- _ACTIVITY_:
Make an exact copy, from the records below, of the lines from the line containing "Гальмівні колодки Icer" to the line containing "گوشواره طلایی پایه نقره طرح قلب", both lines included, excluding pictures.
─── THE INPUT ───
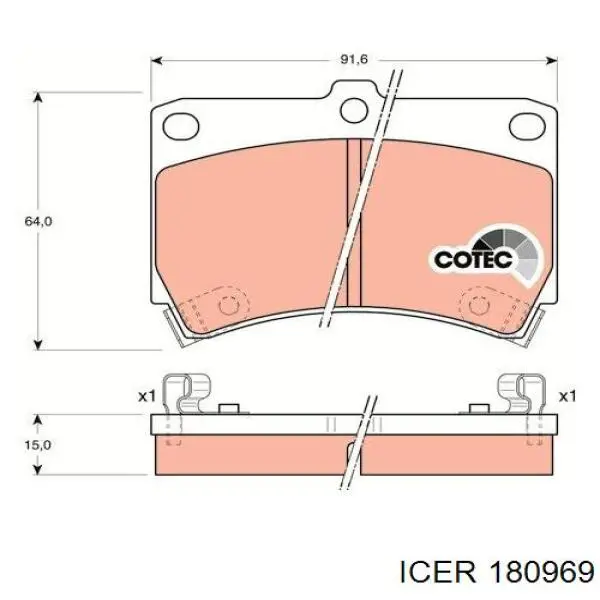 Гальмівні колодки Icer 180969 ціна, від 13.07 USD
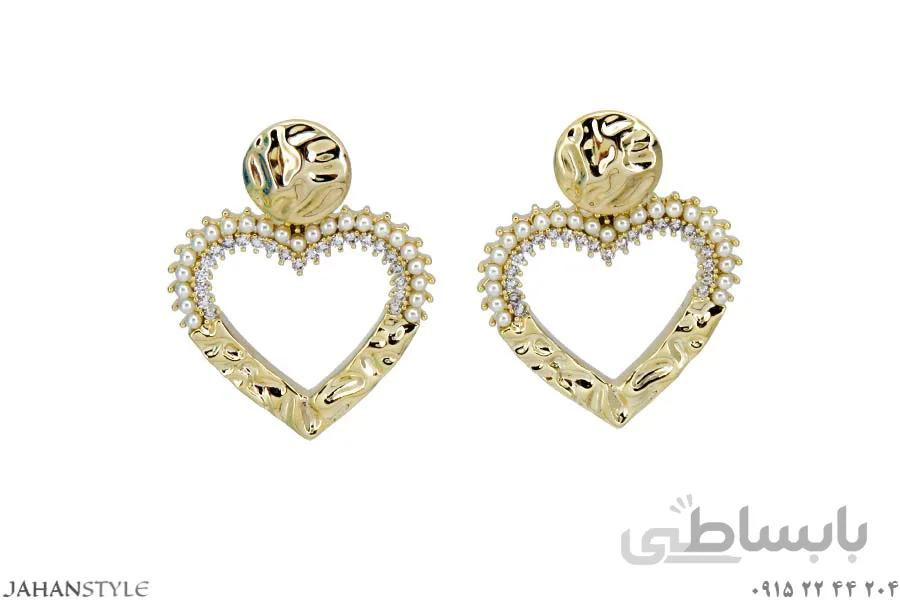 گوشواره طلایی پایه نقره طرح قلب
───
─── THE INPUT ───
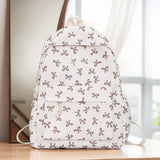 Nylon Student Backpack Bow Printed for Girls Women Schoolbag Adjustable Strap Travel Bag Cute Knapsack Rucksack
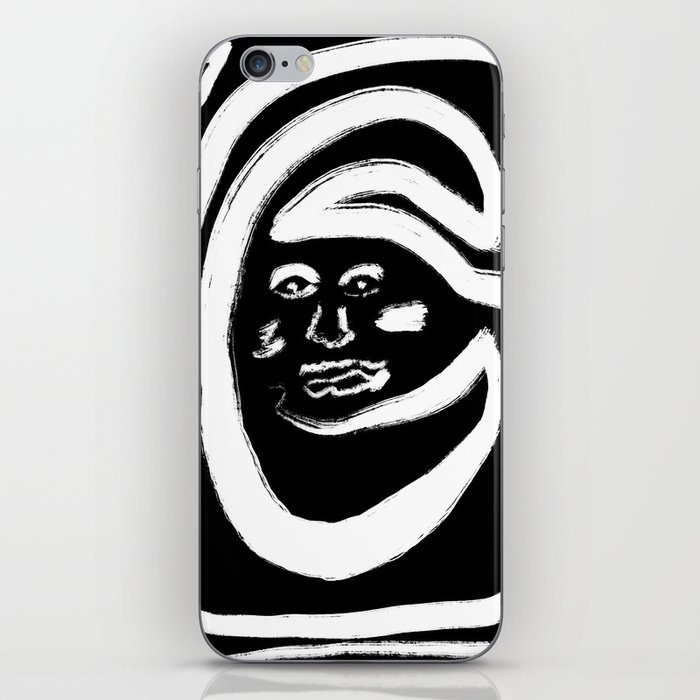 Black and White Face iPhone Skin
───
- _ANSWER_:
 Гальмівні колодки Icer 180969 ціна, від 13.07 USD
 گوشواره طلایی پایه نقره طرح قلب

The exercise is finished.